Reconhecer iniciativas nascidas nas periferias é um dos caminhos a ser trilhado para tentar reverter esses índices, na opinião do pesquisador Eduardo Alves, do Observatório de Favelas, no Complexo da Maré. “Os jovens da periferia produzem arte, cultura e conhecimento, mas infelizmente toda essa produção que vem das ruas não é considerada como forma de trabalho ou ensino formal”, critica o sociólogo.

Na visão dele, é preciso superar o preconceito e implantar políticas públicas que valorizem os jovens de baixa renda e potencializem a ação de coletivos nos territórios onde eles já atuam. Nesse sentido, os investimentos devem aproximar os equipamentos culturais, como escolas, museus, espaços de leitura e bibliotecas, promovendo uma integração entre eles e essa juventude.

Para o pesquisador, os jovens negros e pobres têm um enorme potencial ainda pouco aproveitado pela sociedade. Eduardo acredita que também é necessário melhorar a mobilidade urbana e desmilitarizar as forças de segurança. “O investimento em transportes de massa, com tarifas reduzidas, permitirá a esse jovem circular pela cidade, sem perder parte da vida em congestionamentos”, diz.

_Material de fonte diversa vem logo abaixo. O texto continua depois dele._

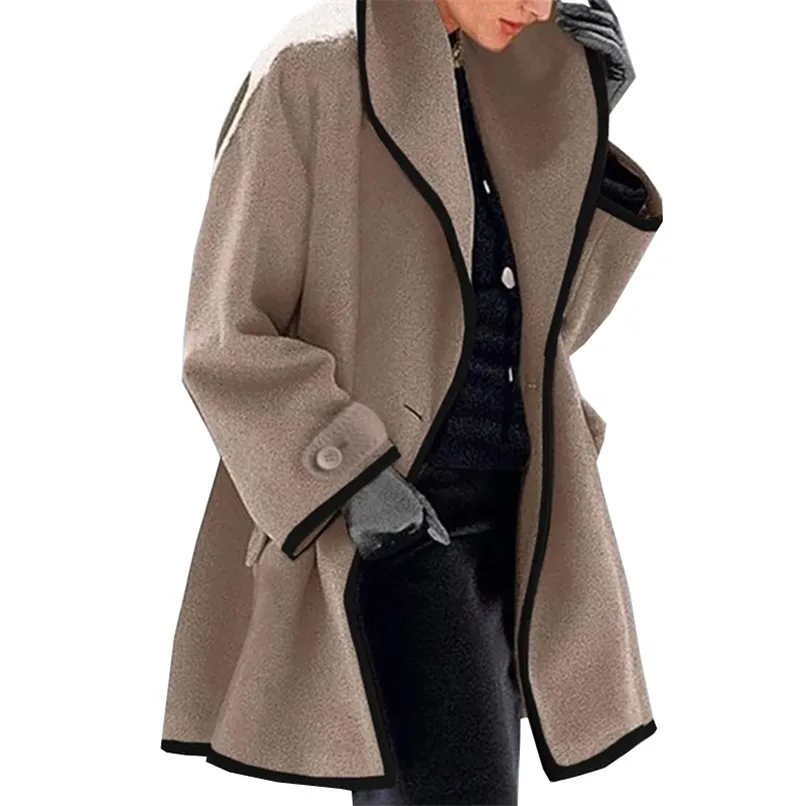 Grande tamanho das mulheres inverno casaco de lã homens casual trench jaqueta cor sólida manga longa chique outerwear senhoras casaco de outono 211130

Tailana, na Estação Comendador Soares, critica a falta de empregos

Foto:  Ernesto Carriço / Agência O Dia

Transporte impede crescimento*

Bons currículos e aparência não significam oportunidades de emprego. A iguaçuana Tailana Bradulin, de 21 anos, sabe bem disso. Bonita, boa dicção, com Ensino Médio completo e cursos de secretariado, contabilidade, gestão empresarial, auxiliar de telefonia e ortodontia, está desempregada há quatro meses. “Aqui na Baixada não há bons empregos, não tem nem emprego. No máximo, tem trabalho”, lamenta-se a jovem, que sabe que terá que buscar uma colocação no município do Rio. “Trabalhei em Copacabana e demorava seis horas para ir e voltar do trabalho. Não dava para fazer mais nada da vida.”

Segundo ela, a Baixada só oferece vagas no comércio, onde os jovens têm que trabalhar em pé e bater metas. “É muito cansativo trabalhar em shopping. Eu queria muito ter um bom salário e ficar por aqui.”

Para Tailana, o alto índice de ‘nem, nem’ se deve à acomodação dos jovens que vivem com os pais.